Unfortunately, I can’t say the pics are necessarily obscenely gorgeous this time, as for some reason the camera was set at the lowest possible resolution, and that plus extremely low light equals highly mediocre pictures. You’ll get the basic idea, though.
The usual semi-annual routine for Wesly’s and my birthdays is that the birthday boy gets taken out for dinner, and never knows where until the moment the car pulls up in front of the restaurant. We’re big believers in the element of surprise, combined with sometimes absurd levels of misdirection. Usually each of us would conspire with Mary as to where to take the other (although sadly, this was the last time for that), and our conspiracy ended up with my plan to take Wes to Bouchon, Chef Thomas Keller’s French bistro in Beverly Hills, for his mumblety-mumbleth birthday on March 8.
Unfortunately, for a change Wesly was quite forceful in expressing his birthday wishes this year. “I wanna go to Bouchon. And I wanna go see ‘Dreamgirls.'” Well, so much for the element of surprise.
We don’t frequent Beverly Hills, unsurprisingly, but we were familiar with the location as it’s right up the block from Spago (which is one of our favorite occasion restaurants and not nearly as expensive or out-of-reach as you might think). This is the third Bouchon location, after the Michelin-starred original in Yountville in Napa Valley and the glitzier one in Vegas. The building in which Bouchon resides is called Beverly Hills Gardens, and shares a beautiful courtyard with the Montage Hotel. There’s a narrow veranda along the side of the restaurant overlooking the courtyard, which will be a really lovely place to dine once spring has sprung.
Upon passing the intriguing-looking Bar Bouchon on the ground level, which we must explore later, we entered and ascended a rather grand staircase into the restaurant and were seated at a cozy table after passing the rather grand curved zinc bar not unlike ones we’d seen in Paris.
The main dining room is vibrant without being overwhelmingly loud, and we still felt well-connected to the whole space while still being afforded a good bit of privacy at our table. (Ours was the two-top in the lower left corner, below.)
Around each napkin at the place settings was folded a crisp brown piece of paper that turned out to be our menus, leading immediately to the problem of what to order when everything on the menu looked so good — I imagine the menu is more or less the same at all three branches, and this one has a terrific chef, Rory Herrmann, formerly of Keller’s New York three Michelin-starred restaurant Per Se.
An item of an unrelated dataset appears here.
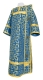 Deacon vestments - Cappadocia metallic brocade B1 (blue-gold), Economy design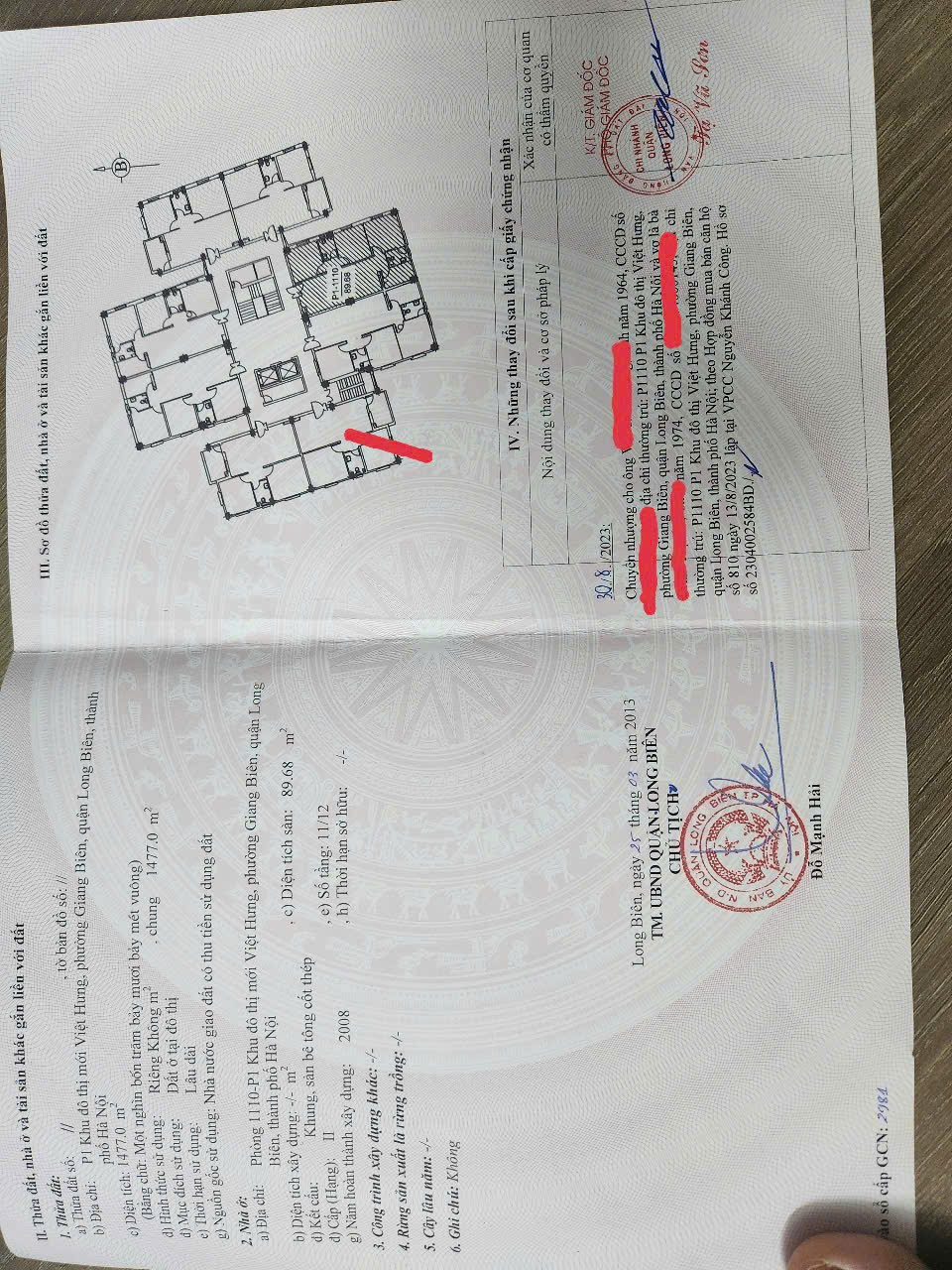  CHÍNH CHỦ BÁN CĂN HỘ CHUNG CƯ KHU ĐÔ THỊ VIỆT HƯNG, LONG BIÊN, HÀ NỘI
Some of the dishes were eye-raisingly pricey (unsurprising, considering the world-famous chef-owner and its posh location) but many were quite reasonable. We saw (and smelled … holy frak) magnificent plates of steak frites go by, Gargantuan steaks accompanied by what looked like a basketball-sized clump of crisp Belgian-style twice-fried frites for $36.50 which we could easily have split. But not tonight.